When Gareth Bale equalised against the USA in Cymru’s first game at the World Cup finals since 1958, the fan park erupted. Strangers hugged, kissed and danced. The polite notices not to throw beer into the air were roundly ignored. The game ended 1-1 but few left disappointed.
“This means so much,” said a dewy-eyed Paul Carroll, 40. “I may never see the like of this tournament with my kids again. It’s the best feeling. I’m so proud.”
Just being at the World Cup after so many decades felt like a win. Before kick-off fans had jumped on tables and joined in ear-bashing versions of Tom Jones’ Delilah and Yma o Hyd (Still Here), the defiant Welsh language folk song that has been adopted by the squad and has become a fan favourite.
The rendition of the national anthem threatened to do more damage to the tent roof than the bitter wind ever could, as 2,000 fans here – and 3 million more across the nation – united in song.
Some wore lucky shirts that they vowed to keep on throughout the group stage no matter the beer or sweat stains. Others followed rituals they hoped would bring fortune – the same pub, the same curry house they went to during Wales’s qualification campaign.
There were few here who could remember Wales’s 1958 World Cup adventure (they lost in the quarter-final to Pelé’s Brazil). Alun Jenkins, 75, was around but he said he had just failed his 11-plus. “So I had other things on my mind. I don’t think it was such a big deal then.”
It’s certainly a big deal now.
The former Welsh goalkeeper, Neville Southall, who was in attendance to launch this Swansea fan park, said he hoped the World Cup would raise the mood of the nation. “It’s good for the people to have some hope, some joy in these pretty gloomy times,” he said.
Southall did not shy away from the sensitive issues, criticising Fifa for threatening to sanction players who wear the OneLove armband: “Why penalise someone promoting inclusivity? Football is for everybody.”

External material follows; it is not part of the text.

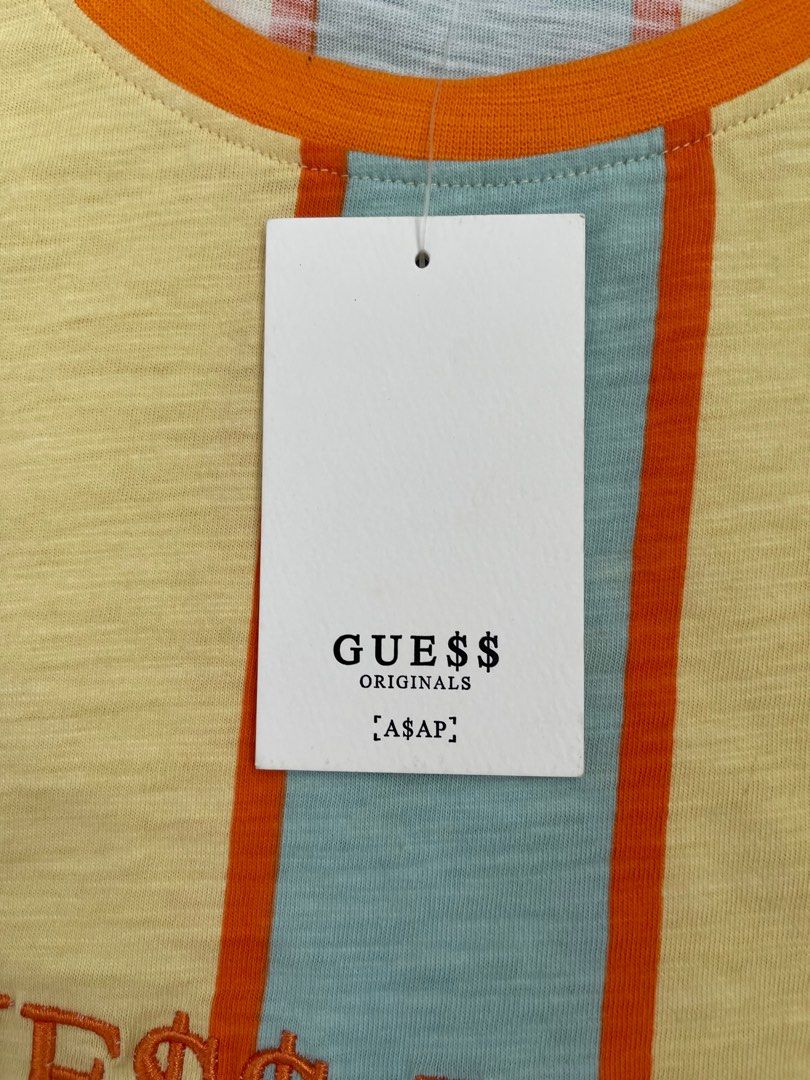 Guess x Asap Rocky Yellow Blue Orange Striped Tee Size S Brand New Men s Fashion Tops Sets Tshirts Polo Shirts on Carousell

It felt a little bit worse when Laura McAllister, professor of public policy at Cardiff University and a former captain of the Welsh women’s football team, tweeted from Qatar that her rainbow bucket hat had been confiscated. “We will continue to stand up for our values,” she said.
Ahead of kick-off, McAllister had explained the importance of the World Cup for Wales. “The whole Welsh football scene has been a reflection of a new self-confidence in the nation, especially among younger people,” she said.
“This gives us a chance to show what our strengths, our USP are. It’s a huge platform. We will be doing everything we can not just to win games but to leverage as much profile and awareness and knowledge.”
Evie Jones, 18, left the Swansea marquee beaming. “We’ve got the best flag, the best anthem, the best fans. I can’t wait for the next game.”